Dabei sind nicht nur die Maischgefäße ein faszinierender Anblick, sondern auch die zwei Destillationskolonnen, die im Hauptraum davor ins Licht ragen. Diese Apparate, die aus dunkel gestrichenem Gusseisen bestehen, streben noch empor, auch wenn sie seit sieben Jahrzehnten nicht mehr dampfen. Sie symbolisieren Aufstieg und Zerfall. Sie sorgen für eine Atmosphäre, welche die Liebhaber verlassener Orte beeindruckt.

Über die Brennerei mit Staub und Spinnweben gibt es nur spärliche Informationen.
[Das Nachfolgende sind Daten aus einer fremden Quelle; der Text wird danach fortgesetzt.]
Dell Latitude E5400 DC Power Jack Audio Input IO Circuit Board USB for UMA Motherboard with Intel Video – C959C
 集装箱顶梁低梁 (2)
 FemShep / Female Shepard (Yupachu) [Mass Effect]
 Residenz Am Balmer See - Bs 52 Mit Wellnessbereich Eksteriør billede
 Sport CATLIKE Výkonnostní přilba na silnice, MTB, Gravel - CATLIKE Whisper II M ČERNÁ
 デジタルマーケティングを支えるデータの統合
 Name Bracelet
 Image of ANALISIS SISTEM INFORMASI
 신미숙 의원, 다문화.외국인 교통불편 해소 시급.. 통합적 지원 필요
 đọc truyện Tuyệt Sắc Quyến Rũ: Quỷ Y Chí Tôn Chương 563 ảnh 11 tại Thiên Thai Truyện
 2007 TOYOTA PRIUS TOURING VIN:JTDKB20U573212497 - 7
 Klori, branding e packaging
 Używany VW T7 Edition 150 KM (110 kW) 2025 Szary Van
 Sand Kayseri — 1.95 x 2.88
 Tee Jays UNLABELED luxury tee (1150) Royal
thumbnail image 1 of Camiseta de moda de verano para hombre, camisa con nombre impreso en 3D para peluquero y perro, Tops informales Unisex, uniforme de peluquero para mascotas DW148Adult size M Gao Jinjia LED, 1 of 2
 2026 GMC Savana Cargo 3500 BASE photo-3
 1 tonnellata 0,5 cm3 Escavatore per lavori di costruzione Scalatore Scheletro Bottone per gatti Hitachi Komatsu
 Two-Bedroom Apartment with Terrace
Möglicherweise begann die Familie Struken, die 1875 Haus Heideck erwarb, dort eine Schnapsbrennerei einzurichten. Das könnte in den 1880er Jahren gewesen sein. Um den Absatz zu steigern, nahm die Brennerei an mehreren nationalen und internationalen Ausstellungen teil, wie es im ausgehenden 19. Jahrhundert auch viele Brauereien und Spirituosenhersteller machten, etwa Underberg in Rheinberg. So gewann sie mehrere Goldmedaillen, beispielsweise in Kairo. Oder sie wurde 1895 auf einer Wanderausstellung in Köln "gekrönt". Die Brennerei bewarb sich bei diesen Ausstellungen mit den "Reichsperlen", einem Doppelkorn. Wie es in der Wilhelminischen Epoche üblich war, betonte sie, dass dieser Doppelkorn vom "Rittergut Haus Heideck" bei Rheinberg stamme. Vermutlich wurde dieser aus Roggen hergestellt.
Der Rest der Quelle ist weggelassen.